Free to register, this was a Friday afternoon and all Saturday event with a small exhibition of original art and publications in the mezzanine level outside the main lecture theatre in the University’s Tower Building.
The main draw on the Friday was comics historian and author Paul Gravett’s talk which tied in with his recently published Great British Comics book, and very interesting, professional and down to earth it proved to be.
Of the other “presentations of papers”, museum curator Matthew Garron’s talk, Before The Beano: The Prehistory of Dundee Comics, which was on the pre-1920s newspaper and magazine illustrations which predated DC Thomson’s Adventure story paper was perhaps the most interesting and informative.
The smoothest presentation by far was by Metaphrog couple John Chalmers and Sandra Marrs.

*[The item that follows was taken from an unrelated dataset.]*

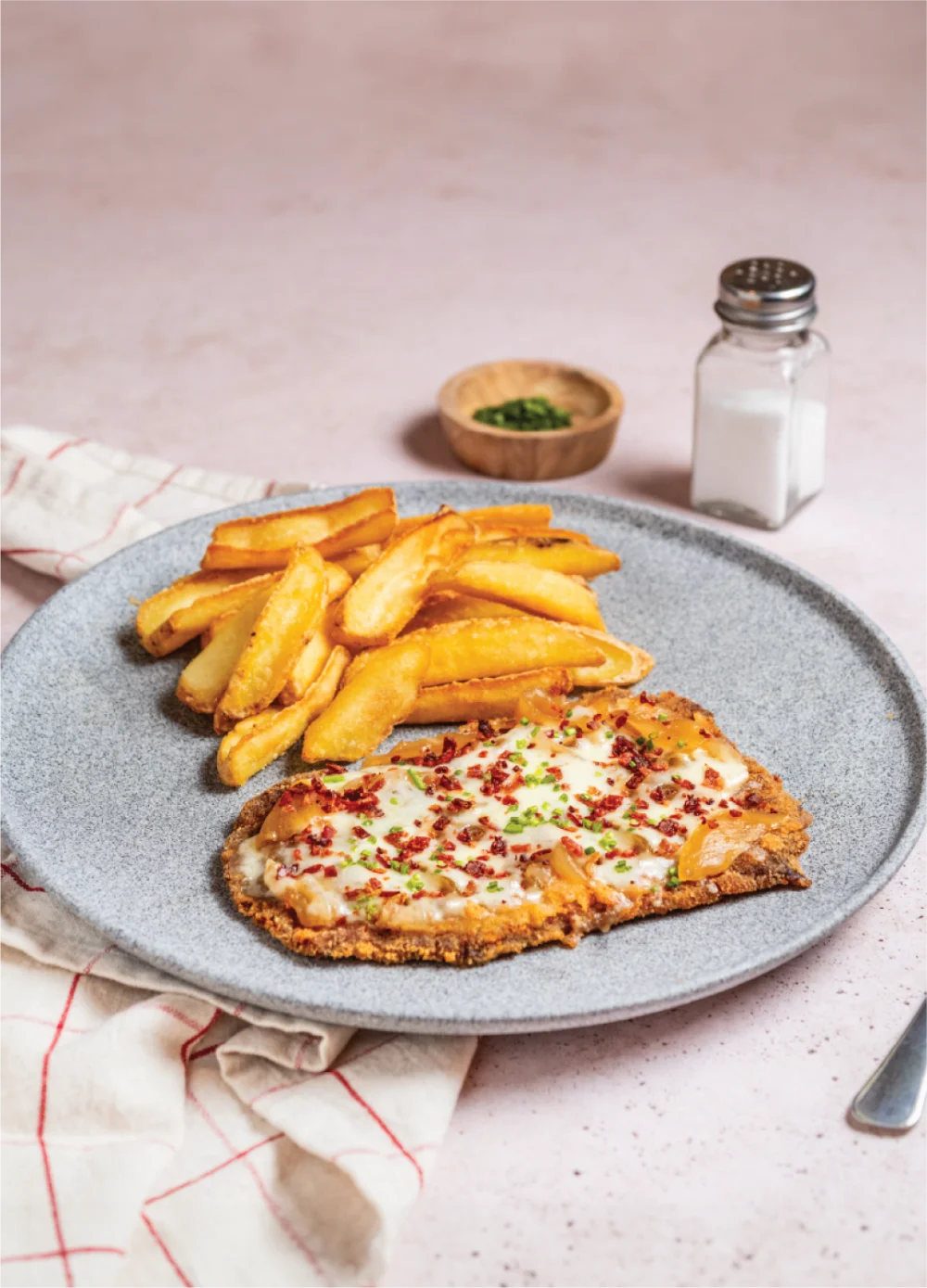 Milanesa de ternera con provolone fundido, bacon y cebolla caramelizada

With apparently no notes and virtually finishing each others sentences they took us through the history of their publications and the audience’s interest was displayed by the number of people who bought copies of their bandes dessinee-style Louis books afterwards.
Saturday promised such subjects as Nicole Devarenne’s Comics and Literature against Nationalism, ironically in the same month as Scotland elected a Nationalist First Minister, and Peter Hughes Jachimiak’s intriguingly entitled Boys’ Comics, Club Membership, and Ways of Being Male.
Forbidden Planet International set up a small table selling mainly US reprint books, although the Metaphrog table appeared to be doing better trade, so perhaps FPI Aberdeen should have looked at the listing of presentations beforehand and brought some publications that actually tied in with what was going on.
As The Scotsman newspaper was keen to point out, however, our goody bags with their FPI logos included a selection of three US comics plus both of FPI’s current catalogues — plus a copy of the See New Worlds comic (reviewed here) and Thomson’s provided the current issues of the Beano and Dandy (with the Dandy’s lumpy free gifts of two “Splat and Dash” balls proving a bulky nuisance for all concerned). It would have been nice if they could have also included a copy of Commando or, probably more to the point, Classics From The Comics – but the free comics were well received with quite a few people commenting on how different the Dandy in particular was to their memories of it.
The art exhibition had mainly pieces from the See New Worlds comic created for the Festival, plus some pieces from Metaphrog titles, some excellent modern Hunt Emerson pages, and some much older art loaned by the family of Ronald Simmons, a longstanding cover artist on The Champion story paper.
The display of his work included an original painted Champion cover and his Payment Book opened at a page which showed that in 1924 he received £2/10s for a cover.
Was the conference a success? I’m sure that the University will claim so, with presenters from Italy, France and England as well as from the locality. Yet I can’t help thinking that there we were sitting in a state of the art lecture theatre that could easily have sat 200-250 and there were barely 30 people there on the Friday.
I would hope that the Saturday proved more popular.